It is further advantageous when in the step of compiling PBO fibers, at least one PBO fiber roving in the form of a flat strip is trimmed (/machined) by means of a cutting tool. The desired length distribution of the PBO fibers can thus be trimmed from a “continuous” PBO fiber roving, in particular from the roll, by means of the cutting tool. A bundle of PBO fibers arranged in parallel, more precisely of PBO fibers in the form of filaments (continuous fibers) are referred to as PBO fiber roving. A PBO fiber roving can thereby preferably have 1000 (1 k), 3000 (3 k), 6000 (6 k), 12000 (12 k), 24000 (24 k), or 50000 (50 k) of parallel PBO fibers. To ensure an even formation of the material properties, the number of the parallel PBO fibers in the PBO fiber roving preferably lies between 1000 (1 k) and 12000 (12 k).

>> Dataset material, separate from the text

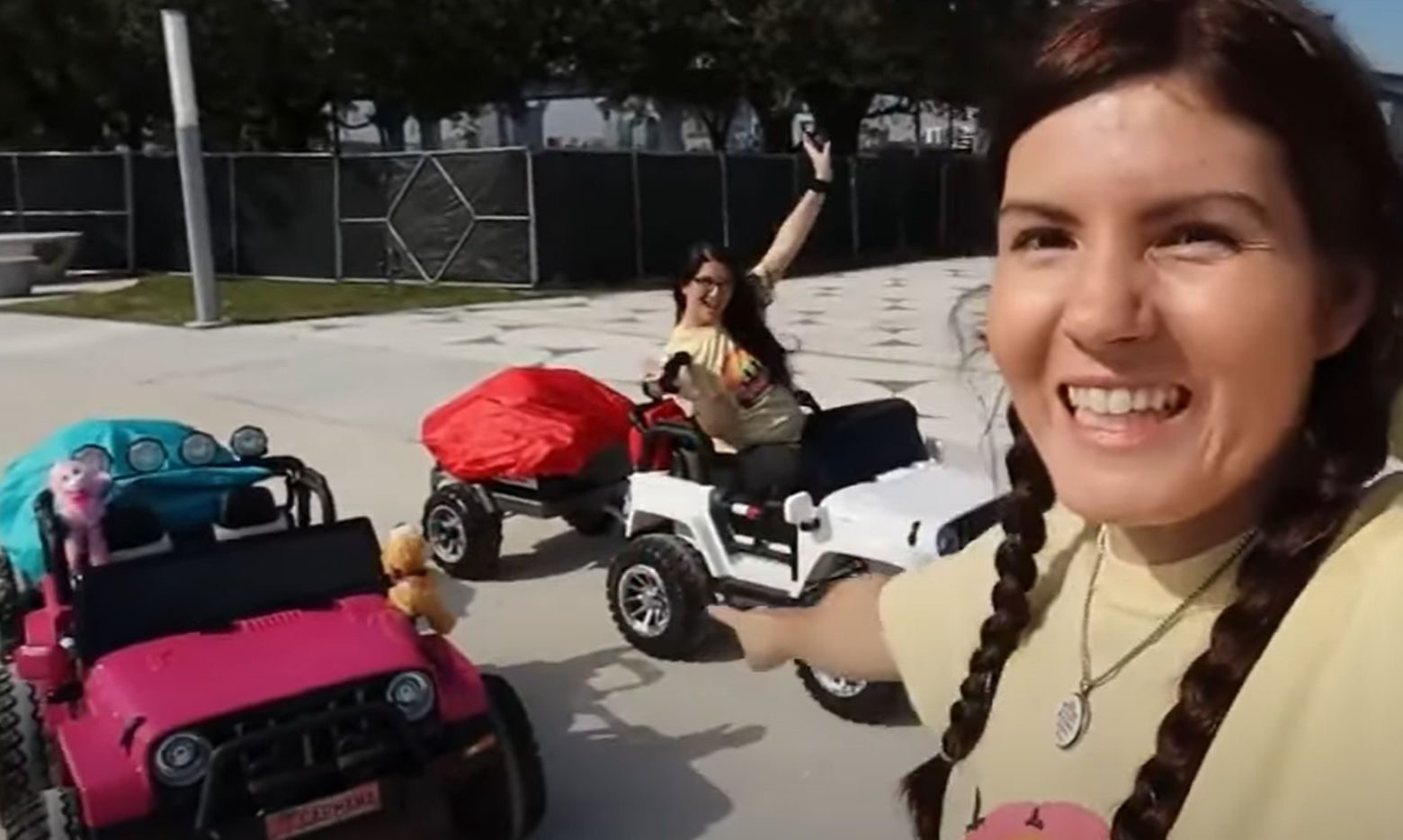 Δύο γυναίκες επιχειρούν να διανύσουν 804 χλμ. με παιδικά αυτοκινητάκια (video)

Particularly preferably, the method can have the steps of:

• • forming a PBO fiber roving with circular or elliptical cross section (via discharge devices and deflection rollers) into the PBO fiber roving in the form of a flat strip; and
  • trimming the PBO fiber roving into PBO fiber roving cuttings with predetermined length distribution or length. Flat PBO fiber cuttings are particularly well suited to be embedded in the matrix system in layers. The flatter the PBO fiber cuttings are, the smaller a volume in the fiber-plastics composite, in which no PBO fiber cuttings can be introduced as a result of the geometry. One could also say that the PBO fiber cutting is in the form of a strip-shaped cutting. A PBO fiber cutting 12, which is as flat as possible, is essential for the quality of the fiber-plastics composite. It is crossed by crossing points and overlaps of individual PBO fiber cuttings. An approximately even and high volume content of the PBO fibers, which determines the (mechanical) properties, can be attained only by means of very flat PBO fiber cuttings.

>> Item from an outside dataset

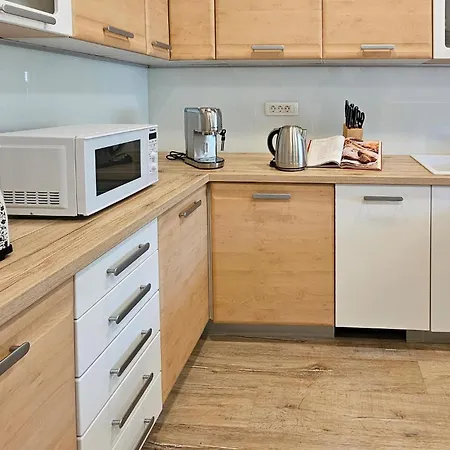 Lovely In With Kitchen * Gruda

With respect to the provision of a load-bearing tool component of a chip-removing tool in the design of a fiber-plastics-composite press-molded part, the object of the invention is solved according to the invention in that the load-bearing tool component has a matrix system comprising a thermosetting matrix component and PBO fibers embedded in the latter. As already described above with regard to the method, the specific fiber-plastics composite comprising a thermosetting matrix component and the PBO fibers is particularly suitable as material for a use as tool component in a tool. In a chip-removing tool, the tool component configured and provided in this way has a particularly high dimensional stability.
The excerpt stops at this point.